Mission

Standardize data modeling so work can be reused

The first standard for data

Headshot of Ahmed Elsamadisi
Ahmed Elsamadisi, Creator of the Activity Schema, Founder/CEO of Narrator

Having worked in data for many years, I found that every question we answered started from scratch. We constantly had to think about what we need to build, the columns that we should add, the ways a table would be used. It always blew my mind that there are probably another 10 data engineers at this exact moment probably thinking about the same table to answer the same set of questions. Why doesn't a place exist to share?

I know what you're thinking: Query Templates. But that always failed me. The assumptions were too basic and the my salesforce/any tool's implementation was always just different enough to make templates not helpful. I needed a standard that can work across all companies, that can answer any question, that can capture any data structure.
I needed the Activity Schema.

A standard that actually works - JOIN issue

I went on a tour of so many companies looking for a standard that can work. The weird thing was that when talking to these companies, we would discuss their data and the questions they answered using simple journeys but when looking at the SQL it was all different. It was complex, nested and super confusing.


The why really fascinated me, so I kept digging. What I discovered was all templates assume that data can be connected via JOINS based on a key. Yet, in practice that key never existed so every data engineer had to write a lot of complex SQL to figure out how to stitch the data to answer the questions at hand. Different questions and different business logic lead to a very complicated data transformation. Over time it only got worse. As companies ask more questions and want to slice and dice by another feature,  data engineers  add more SQL to deal with combining more data.

Why now?

This problem is worst it has ever been. Every startup leverages multiple SaaS products to operate, each collecting their own data in their own way.
Each also have their own analytics, so no one is coming to the data team to ask how many tickets were submitted. They will look at their Zendesk Dashboard.

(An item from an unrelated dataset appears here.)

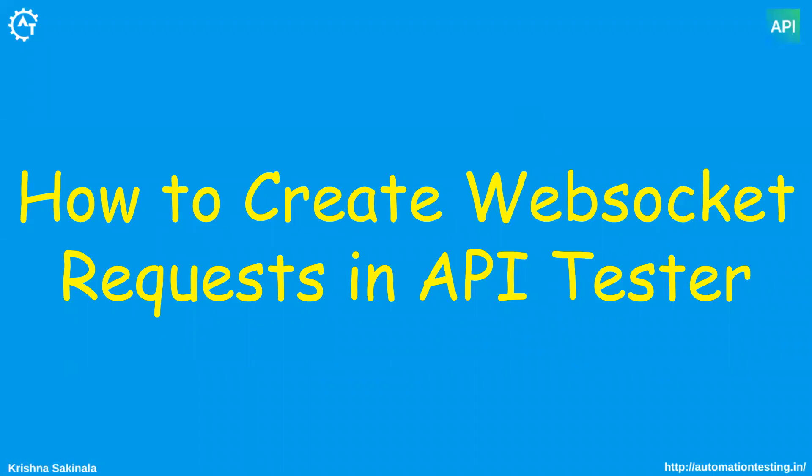Hi, in this video we will see how to create web socket request in API tester mobile app.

The result is that every question coming to the data team is bridging multiple data sources. This bridge means you need to figure out a way to connect the data and there will not be any key to join on.
That is why the Activity Schema became so popular -- it allows data teams to bridge data sources using Customer and Time.
That has been done before, but the Activity Schema standardized how to relate data using 12 temporal joins, allowing full reusability.

So what?

Solving the data modeling problem with a standard structure that has standardized guarantees opened up the world for sharing. Anything built on top of the Activity Schema can be reused. No only that, but activities can be swapped to be further repurposed.
I founded Narrator to make this possible. To allow data analyst to use the Activity Schema to answer any question. To swap activities and answer similar questions.
We then added the ability to build entire analyses on top of the Activity Schema. These analyses can be copy and pasted across companies.
They can also be used to answer so many more questions than the initial design.

Also now analysts can go from one company to another and start answering questions.

I see a world where all the data work is shared and everyone is working together to enable better decisions to be made.